Czech investment group PPF's Russian electrical goods retailer Eldorado says it aims to add 50 new stores this year to take advantage of lower rents at a time when smaller rivals are retrenching or going out of business.

Hit by a drop in oil prices and Western sanctions over Moscow's role in the Ukraine conflict, Russia's economy is sliding into recession which, coupled with a weaker ruble, has forced many consumers and businesses alike to cut spending.

But Ondrej Frydrych, Eldorado's chief executive, said it had decided this was a time to advance, not retreat.

"In 2009, during the previous crisis, we made a mistake — suspended new openings, while our rivals seized the moment. This year the message from our shareholders is 'go, develop'," Frydrych said in an interview.

In February Eldorado, already the largest retailer in its sector by store numbers, was granted 7.3 billion rubles ($142 million) by PPF and its other shareholder, Emma Group, to fund its further expansion.

Frydrych said Eldorado planned to open 50 new stores in 2015 having added no new space on a net basis last year, and aimed to keep up the same rate of expansion over the next three years.

He said the cost of opening new stores was 10-30 percent lower than in recent years as landlords struggle to fill their malls and agree to lower or peg rents to tenants' turnover.

Eldorado competes with Russian firm M.video and Media-Markt, a unit of German retailer Metro in a still highly fragmented market. It has more stores than any of its rivals but lags market leader M.video in terms of sales.

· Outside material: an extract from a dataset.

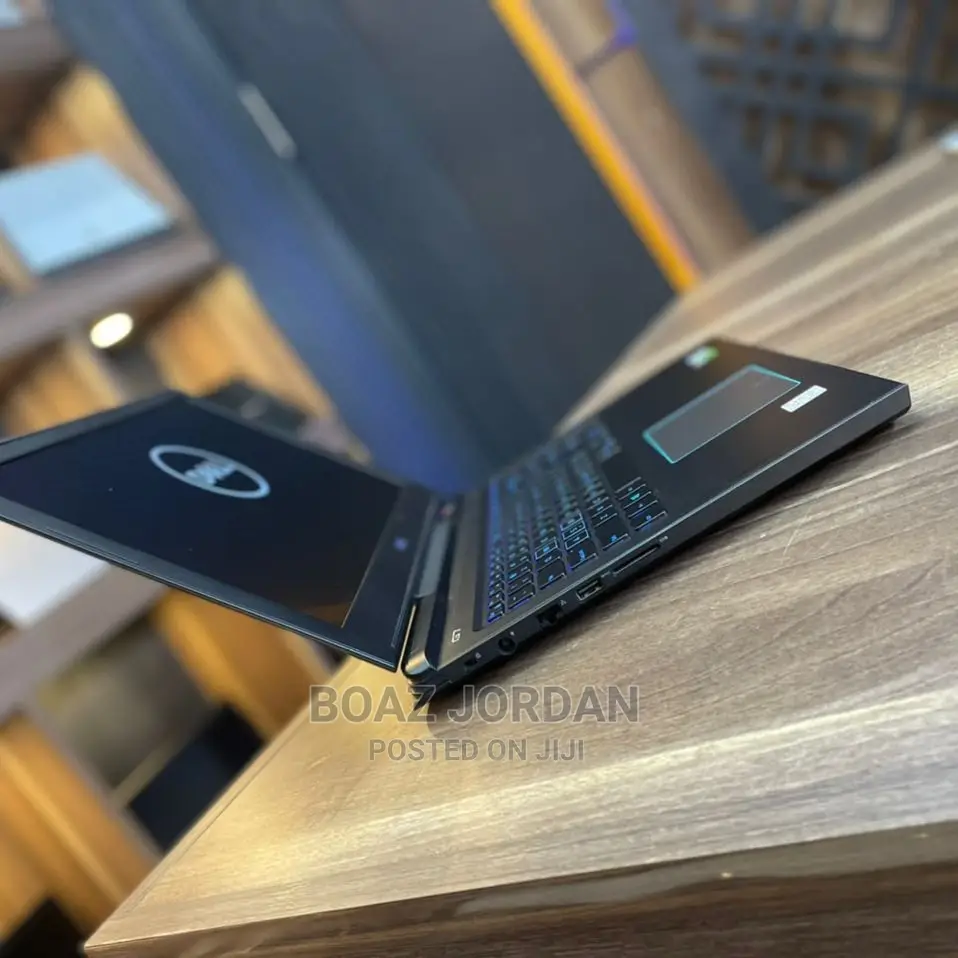 New Laptop Dell Inspiron 15 16GB Intel Core I7 SSHD (Hybrid) 1T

In expanding now Frydrych said Eldorado was hoping to increase its market share to 12 percent by 2017 from 8.6 percent last year.

Diversifying

He said part of its strategy is to also diversify into categories such as home and garden decor to attract more customers and become less like specialty British electricals and electronics retailer Dixons Carphone and more like Dixon's far more diversified rival John Lewis.

New categories will account for 16 percent of revenues in three years, Frydrych said, adding he expected online customers to increasingly favor one-stop shops over multiple specialty stores.

Eldorado expects sales overall this year to be flat, he said, even though first-quarter sales fell 11 percent to 25.1 billion rubles as like-for-like revenue was down by 9 percent.

M.video has also forecast flat sales for the most part of 2015 but said it would slow its expansion.